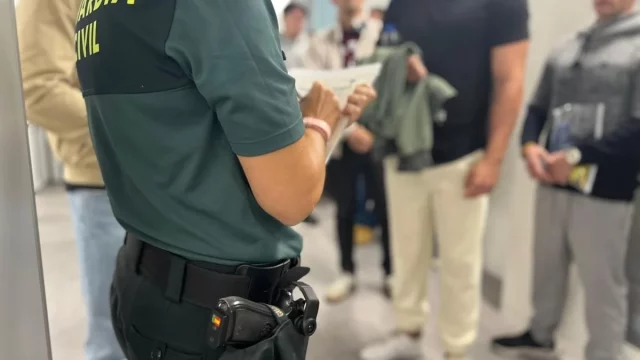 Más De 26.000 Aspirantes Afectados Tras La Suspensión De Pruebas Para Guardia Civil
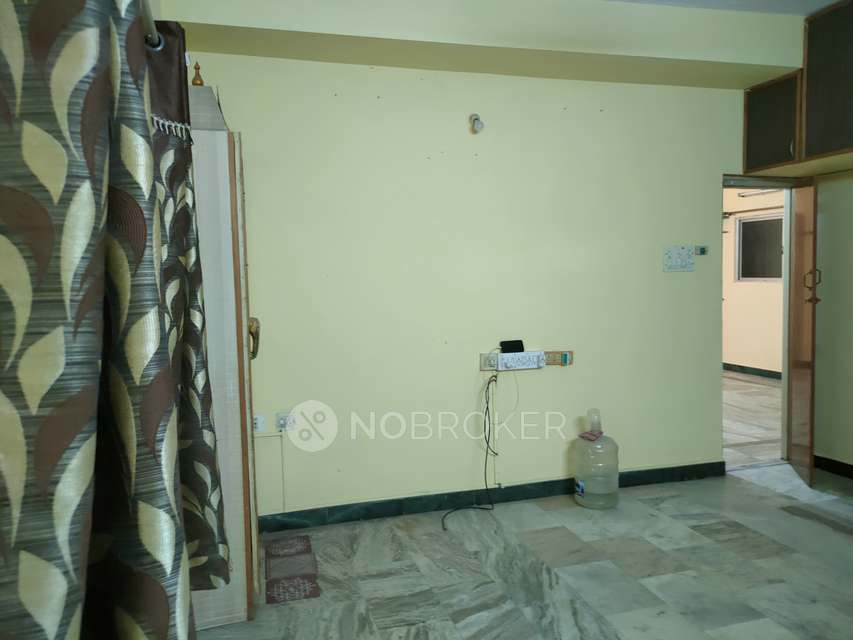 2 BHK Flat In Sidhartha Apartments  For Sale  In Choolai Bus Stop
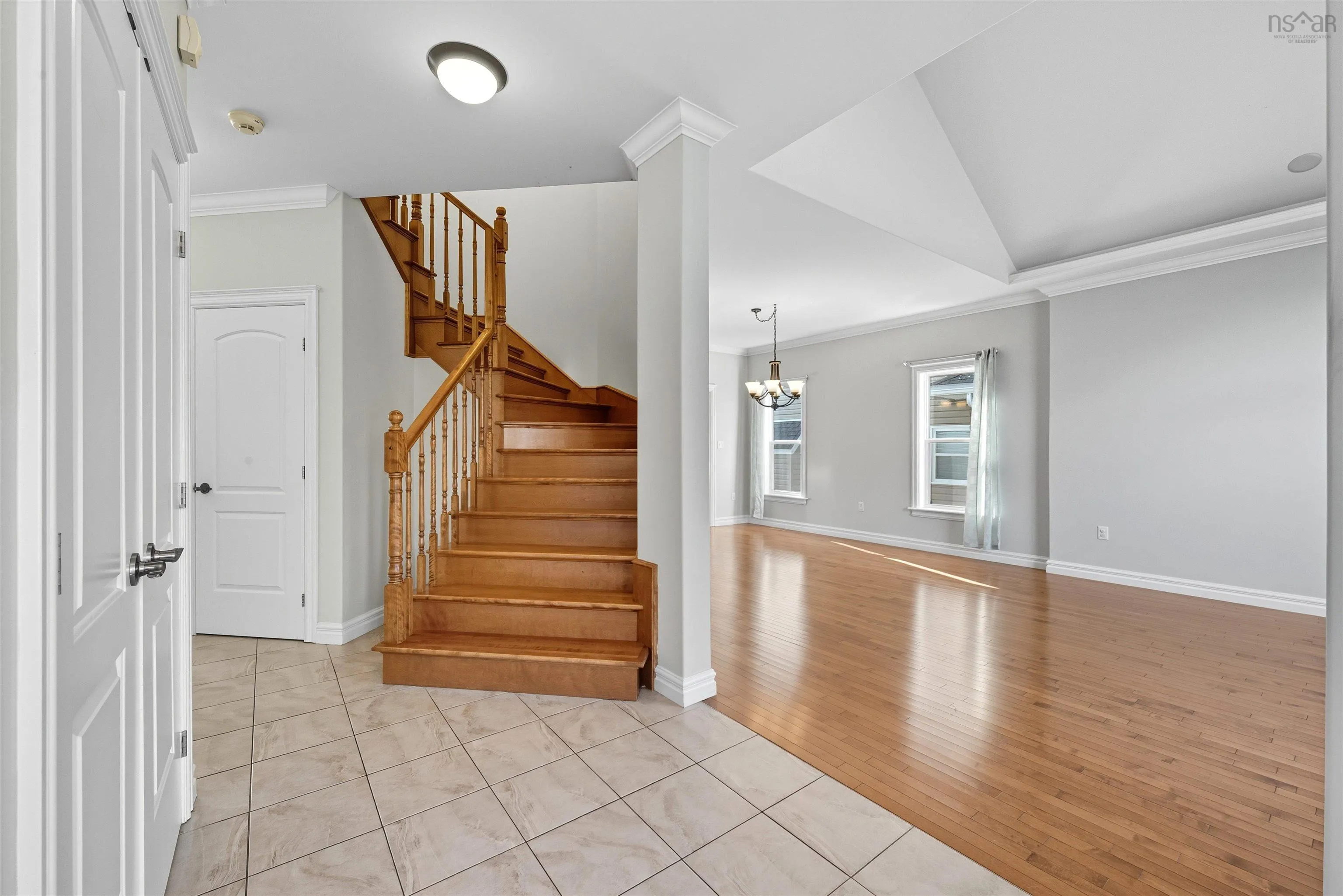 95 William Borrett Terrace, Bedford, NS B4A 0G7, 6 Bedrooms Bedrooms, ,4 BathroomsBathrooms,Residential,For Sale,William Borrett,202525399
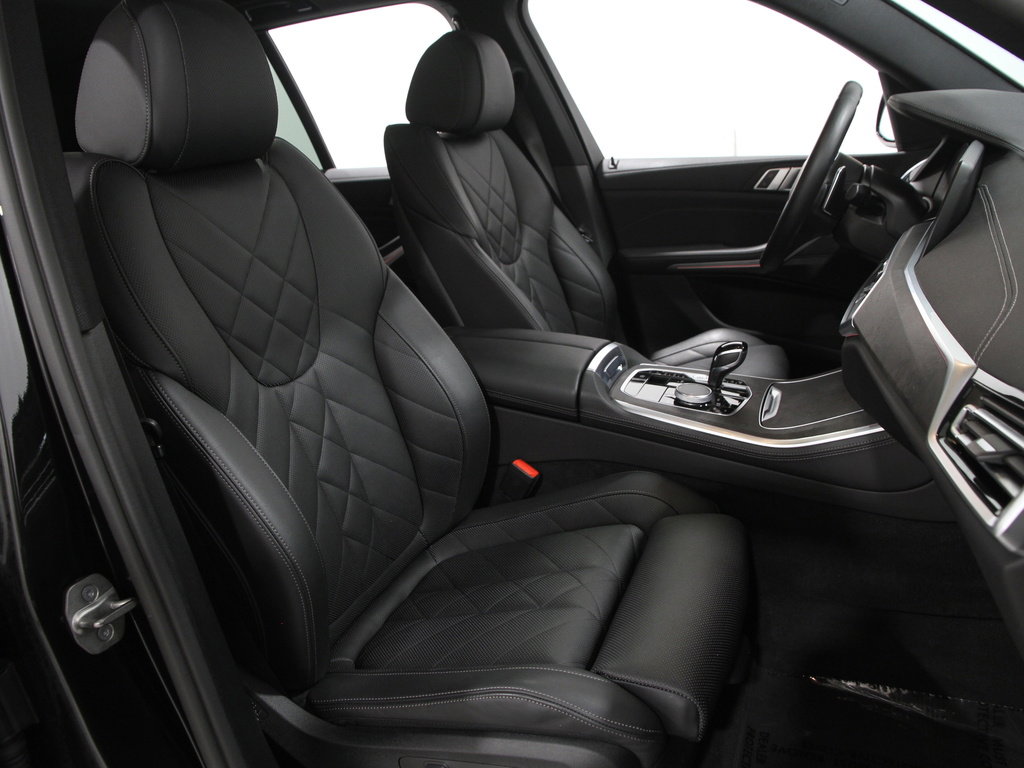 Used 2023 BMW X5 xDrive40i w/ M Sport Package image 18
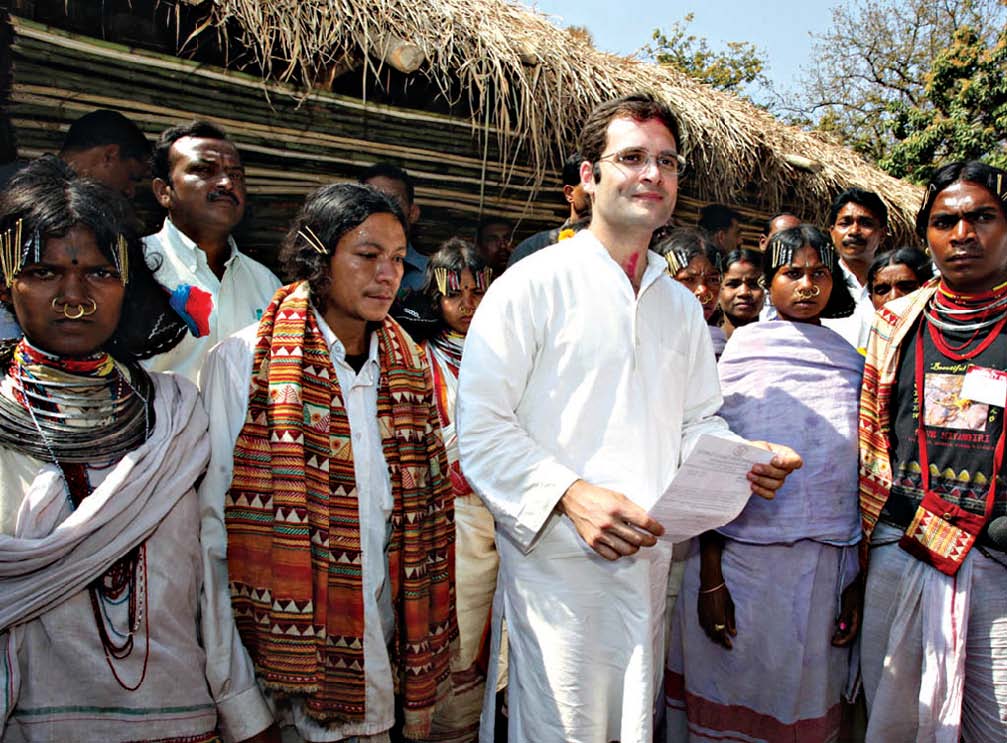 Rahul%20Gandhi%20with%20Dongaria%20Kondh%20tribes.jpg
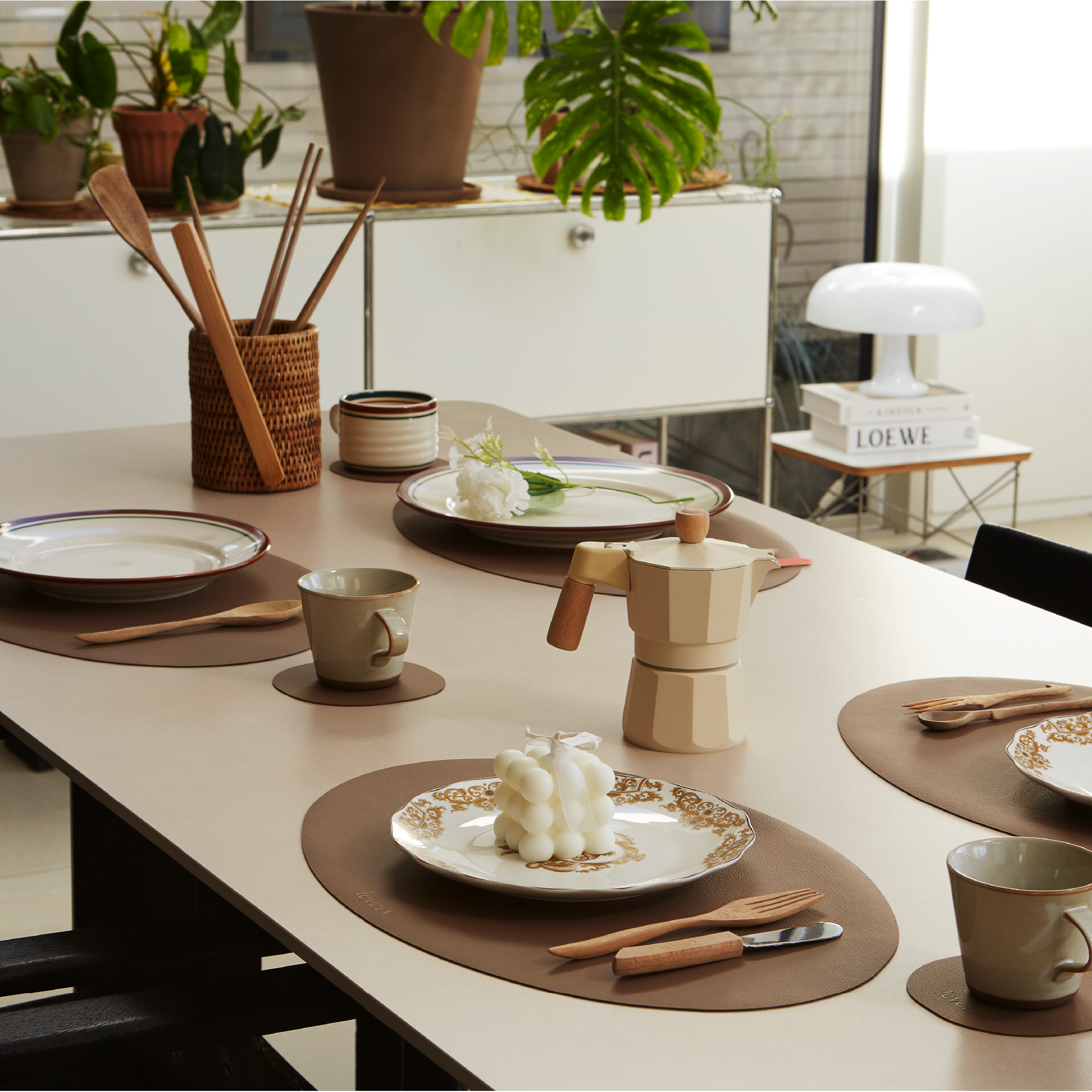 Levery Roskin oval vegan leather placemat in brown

### Problem statement
Copy exactly, please, the lines that run from the line holding "Rahul%20Gandhi%20with%20Dongaria%20Kondh%20tribes.jpg" through the closing line of the material above, omitting every picture.

### Response to the exercise
 Rahul%20Gandhi%20with%20Dongaria%20Kondh%20tribes.jpg
 Levery Roskin oval vegan leather placemat in brown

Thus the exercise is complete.